Hide and seek
Today I went geocaching for the first time. I can aleady hear some of you asking, 'Geo what-ing?'
This is where you use a GPS device to track down a hidden container that is filled with various items. These include a log book, in which you add your name to a list of people who have found the cache.
I decided to have a go following a strange coincidence yesterday. In the morning I was reading about geocaching for the first time in my life, then just a few hours later our friends Steve and Helena were telling me about someone they knew who had tried it out themselves.
I just thought I was meant to give it a try.
It didn't exactly go to plan. I chose to stay relatively close to where I live, going on to the internet to pick up co-ordinates of two locations within a three-mile radius of my home, then setting off confident of success with my GPS-equipped iPhone.
The first location was Rodborough Fort (pictured) - more of a folly than a genuine fort. And I'm pretty sure I found the site of the cache. But after my hand had ferreted around under large stone slabs, encountering snails rather than a small container, I decided the cache had been removed.

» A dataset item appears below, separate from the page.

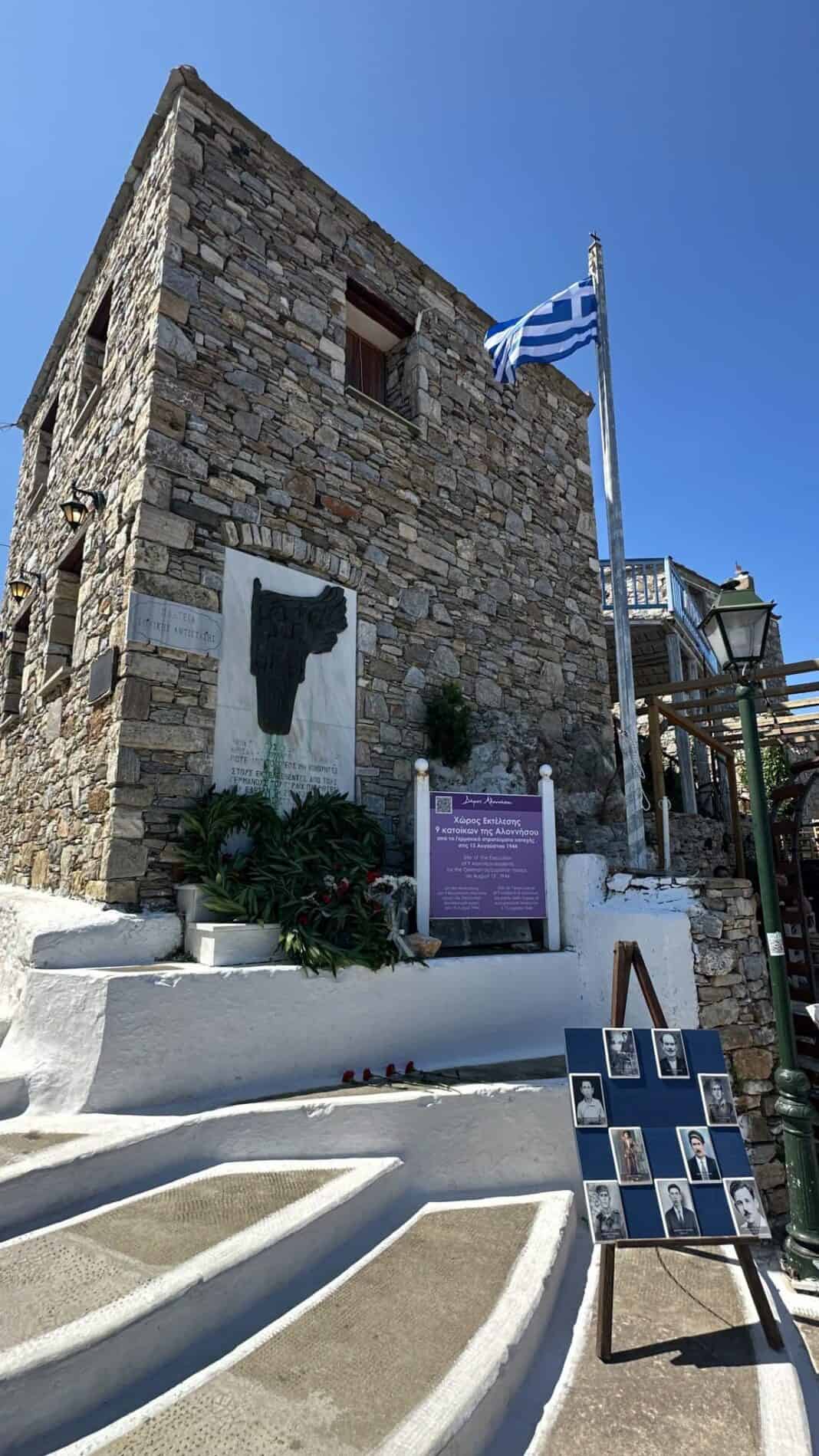 Η Αλόννησος τίμησε τη μνήμη των εκτελεσθέντων της 15ης Αυγούστου 1944 Η Αλόννησος τίμησε τη μνήμη των εκτελεσθέντων της 15ης Αυγούστου 1944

So I tried a to track down a second location in woodland on the side of a steep hill. I was meant to find an old ammo box that was meant to be hidden by a tree near a holly bush.
I received lots of scratches, but no treasure. Ho-hum... I sought consolation from the nearby ice cream factory.
It was still good fun and good exercise. It was very similar to orienteering, which I used to take part in years ago - and used to love, I hasten to add.
This seems a reasonable alternative - as long as the cache is there to be found. Or maybe I was, after all, looking in the wrong places?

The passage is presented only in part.